The displacement \(y(t)\) of a harmonically forced mass-spring system is given by:

(17)#\[\begin{equation} y^{\prime\prime} + 8y^{\prime} + 16y = 6 e^{-4t} \end{equation}\]

a.) For initial conditions \(y(0)=0\) and \(y^{\prime}(0) = 2\), find the response of the system \(y(t)\).

b.) Given a specified time increment \(\Delta t\) and a domain, write the recursion formulas for solving this equation with the forward Euler method. Clearly define any variables or functions used. You do not need to write Matlab code.

Solution#

a.) First, get the homogeneous solution:

(18)#\[\begin{align} y_H^{\prime\prime} + 8y_H^{\prime} + 16y_H &= 0 \\ \rightarrow \lambda^2 + 8 \lambda + 16 &= 0 = (\lambda + 4)^2 \\ \lambda &= 4 \text{ (repeated)} \\ \text{so } y_H &= c_1 e^{-4t} + c_2 t e^{-4t} \end{align}\]

Next, use the method of undetermined coefficients to get the inhomogeneous solution:

(19)#\[\begin{align} y_{IH} &= K t^2 e^{-4t} \\ y_{IH}^{\prime} &= K e^{-4t} \left( 2t - 4t^2 \right) \\ y_{IH}^{\prime\prime} &= K e^{-4t} \left( -8t + 2 - 8t + 16t^2 \right) \\ \rightarrow K &= 3 \end{align}\]

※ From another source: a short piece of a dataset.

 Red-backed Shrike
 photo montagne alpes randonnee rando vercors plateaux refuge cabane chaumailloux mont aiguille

Then, the general solution is

(20)#\[\begin{equation} y(t) = c_1 e^{-4t} + c_2 t e^{-4t} + 3 t^2 e^{-4t} \end{equation}\]

Applying the initial conditions:

(21)#\[\begin{equation} y(t) = 2 t e^{-4t} + 3 t^2 e^{-4t} \end{equation}\]

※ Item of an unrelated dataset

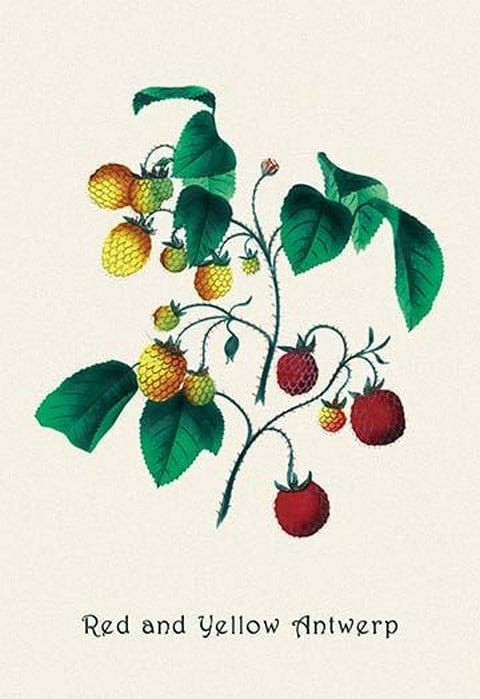 Red and Yellow Antwerp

b.) If \(z_1 = y\) and \(z_2 = y^{\prime}\), then

(22)#\[\begin{align} z_1^{\prime} &= z_2 \\ z_2^{\prime} &= y^{\prime\prime} = 6e^{-4t} - 8z_2 - 16z_1 = f(t, z_1, z_2) \end{align}\]

Then, the recursion formulas are:

(23)#\[\begin{align} z_{1, i+1} &= z_{1,i} + \Delta t \, z_{2,i} \\ z_{2, i+1} &= z_{2, i} + \Delta t \left( 6 e^{-4t} - 8 z_{2,i} - 16 z_{1,i} \right) \end{align}\]

where \(z_{1,1} = 0\) and \(z_{2,1} = 4\).